The series of protests have taken place over the past few months. Many local residents have expressed concern about what the already approved methane storage will do to the lake, their health, and ultimately, the climate.
“The caverns aid and abet fossil fuel buildup,” said Steingraber.
Besides the obvious climate implications, many of the protesters are more concerned about the safety of the cavern storage.
A similar salt cavern arrangement collapsed into a sinkhole in Bayou Corne, Louisiana in 2012 and forced the entire town to evacuate, according to Mother Jones.
Since the protests in New York began, about 92 people have been arrested, and four are reportedly still in jail. Many of the protesters have accepted their trespassing charges and received maximum sentences of fifteen days in jail. Some however, including one 90-year-old woman, have opted to plead not guilty and force a bench trial. Steingraber said that at least one protester will show up for court dates in an attempt “to put Crestwood on trial.”
The protests are reportedly somewhat calm and organized, albeit relentless.
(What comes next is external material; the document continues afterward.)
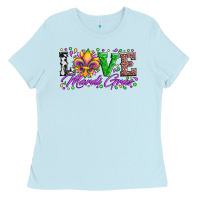 Baby Blue love mardi gras fleur de lis sunflower leopard and beads Ladies Tee - Artiststas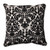 Damask Outdoor Patio Square Floor Pillow - 25" - Black and Beige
We Are Seneca Lake said it requires non-violence training before its unannounced blockades and that protesters allow the police to arrest them peacefully.
Steingraber said she suspects the police may even be sympathetic, claiming one officer said, “We drink the water too.”
Whether the protests are successful or not at getting the federal government to take another look at the matter remains unknown. So far however, Crestwood has not brought gas into the caverns.
Steingraber said We Are Seneca Lake is determined to continue.
“We hope to shine such a spotlight on this that we can get somebody, maybe our senators [Kirsten] Gillibrand and [Chuck] Schumer, to get an injunction,” Steingraber said.